No entanto, é no segundo “F” que reside o problema. Se a expressão tradicional é “silêncio que se vai cantar o fado”, em Paços de Ferreira apenas se fica pelo silêncio, porque fado, seja ele qual for, não se canta nem se ouve!

As eleições sucedem-se, a troca de galhardetes nas redes sociais é muita, mas para a cultura ficam apenas umas escassas, mas simpáticas, palavras durante as campanhas eleitorais, umas frases curtas escritas nos programas de cada partido para justificar a existência de um Pelouro da Cultura e a promessa de mais apoios às associações locais. E é isto que vai ditar mais 4 anos de estagnação no nosso concelho. Não existe um debate sério, alargado, integrador, futurista, audaz, capaz de agregar os cidadãos em busca de uma identidade cultural para Paços de Ferreira.

Para a política local, cultura resume-se a organizar uns eventos, volta e meia, seja um dia dedicado às mães, uma feirinha na altura do Natal, uns concertos em determinadas efemérides, uma pequena Feira do Livro ou outra qualquer iniciativa que atraia gente pelos “comes e bebes”. É o chamado “fast-food”: uma vez por outra, barato e que deixa a pessoa satisfeita por uns tempos.

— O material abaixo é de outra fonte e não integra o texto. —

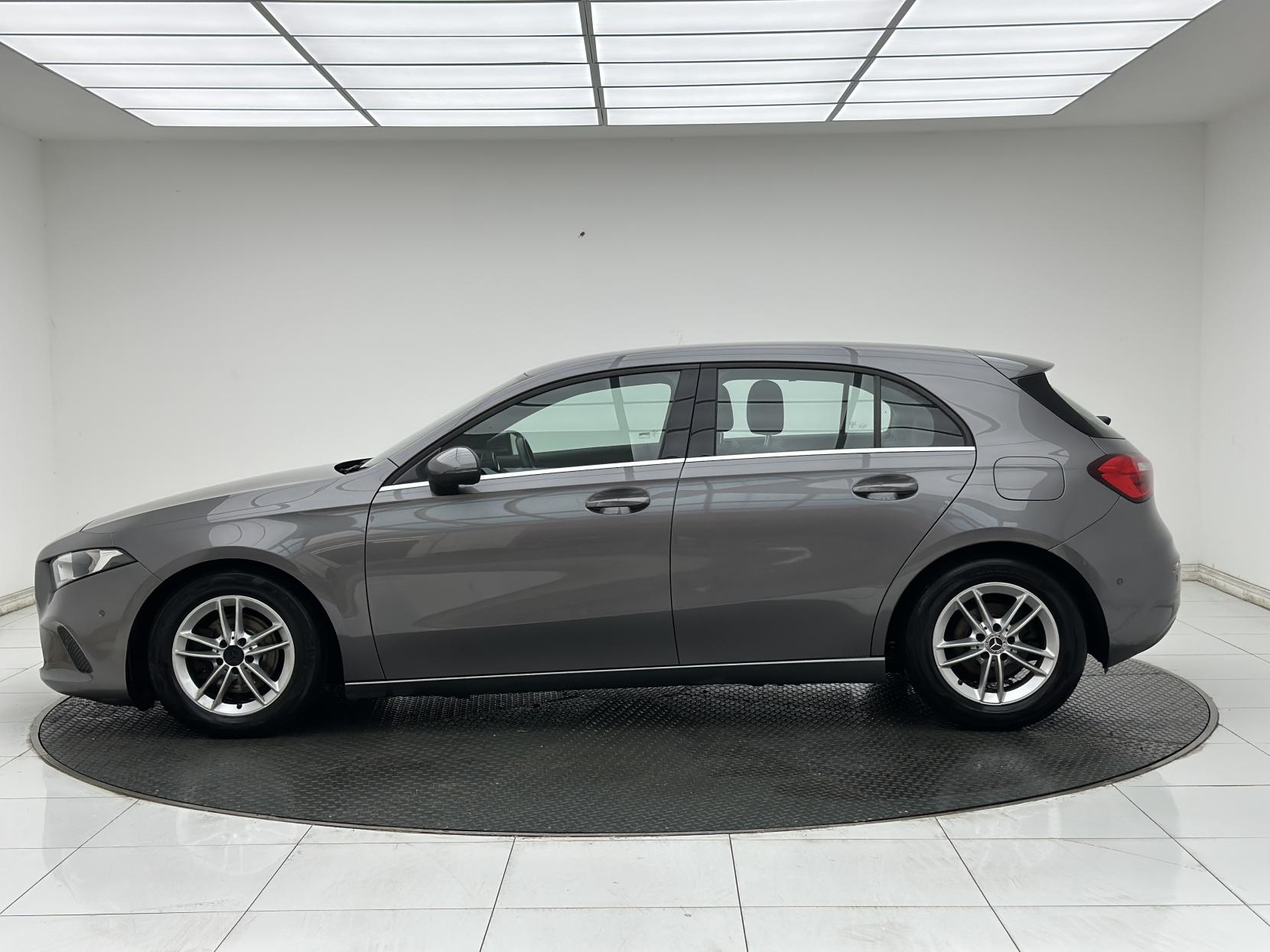Mercedes-Benz A Class 1.3 A180 SE (Executive) Hatchback 5dr Petrol Manual Euro 6 (s/s) (136 ps)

Houve, há uns anos, exceções a este pensamento, com algumas iniciativas que levaram a crer numa mudança no caminho. Recordo a iniciativa “Setembro Jovem”, promovida anualmente pela Câmara Municipal, em colaboração com outras associações locais, com exposições, concertos e atividades desportivas, envolvendo a juventude. O festival “Citânia Summer Fest”, com um promissor nome, embora tivesse acabado num parque de estacionamento de um centro comercial, mas que trazia um conjunto variado de artistas nacionais ao concelho. A criação de infraestruturas culturais e espaços multiusos para manifestações artísticas. Ou, mais recentemente, o Festival Municipal de Teatro, realizado em 2019, onde os vários grupos amadores de teatro do concelho puderam mostrar o seu trabalho e receber companhias de teatro profissional e projetos sociais. Só que tudo isto começou e rapidamente se esfumou.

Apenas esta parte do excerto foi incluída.